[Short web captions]

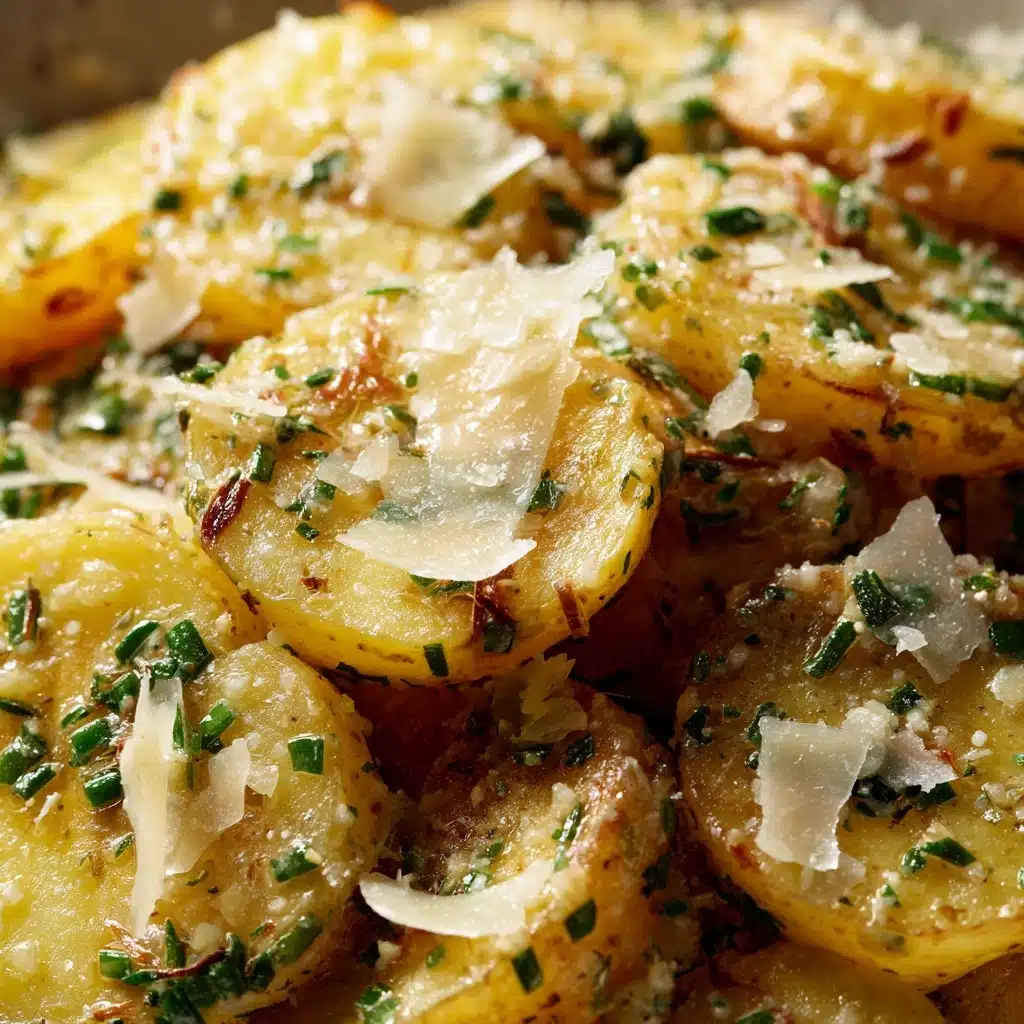 Lemony Chive Potato Salad with Parmesan Recipe - Recipe Image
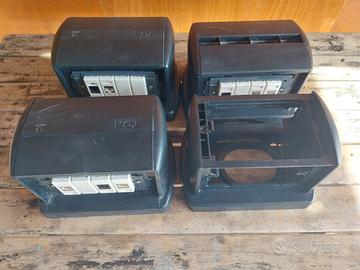 Torrette a pavimento Bocchiotti 8 postazioni.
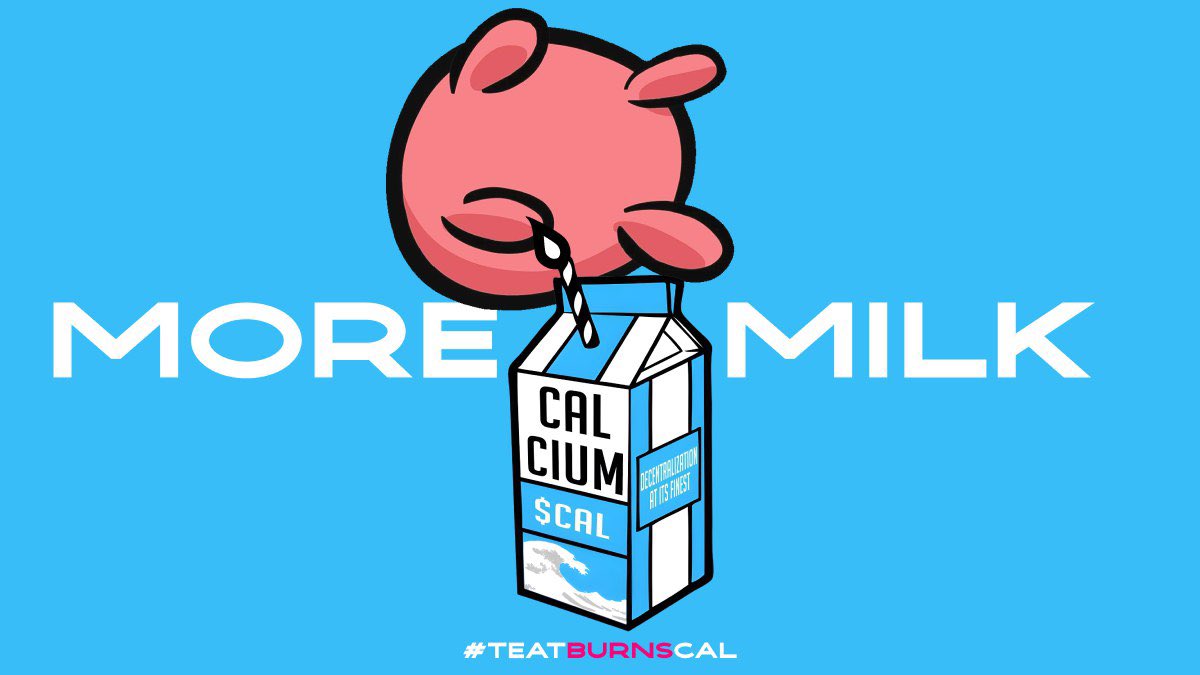 teat_erc's tweet photo. @CryptoRyanM That is why we only support $CAL. https://t.co/LtnVWBZj22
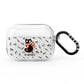Personalised Halloween Cat AirPods Pro Clear Case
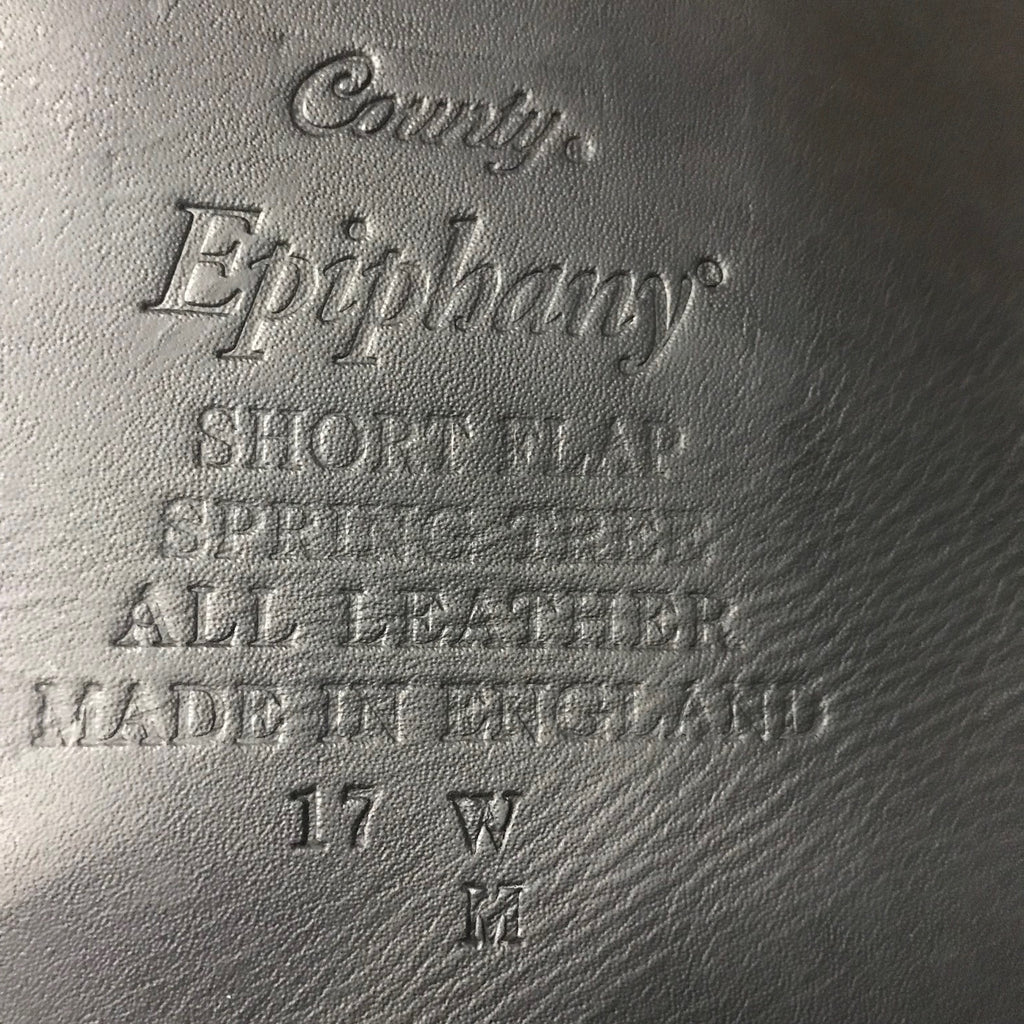 Used County Epiphany 17" Dressage Saddle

What to do: If an entry holds an image, omit that image and print the remainder exactly as it stands.

Answer to the problem:
 Lemony Chive Potato Salad with Parmesan Recipe - Recipe Image
 Torrette a pavimento Bocchiotti 8 postazioni.
 teat_erc's tweet photo. @CryptoRyanM That is why we only support $CAL. https://t.co/LtnVWBZj22
Personalised Halloween Cat AirPods Pro Clear Case
 Used County Epiphany 17" Dressage Saddle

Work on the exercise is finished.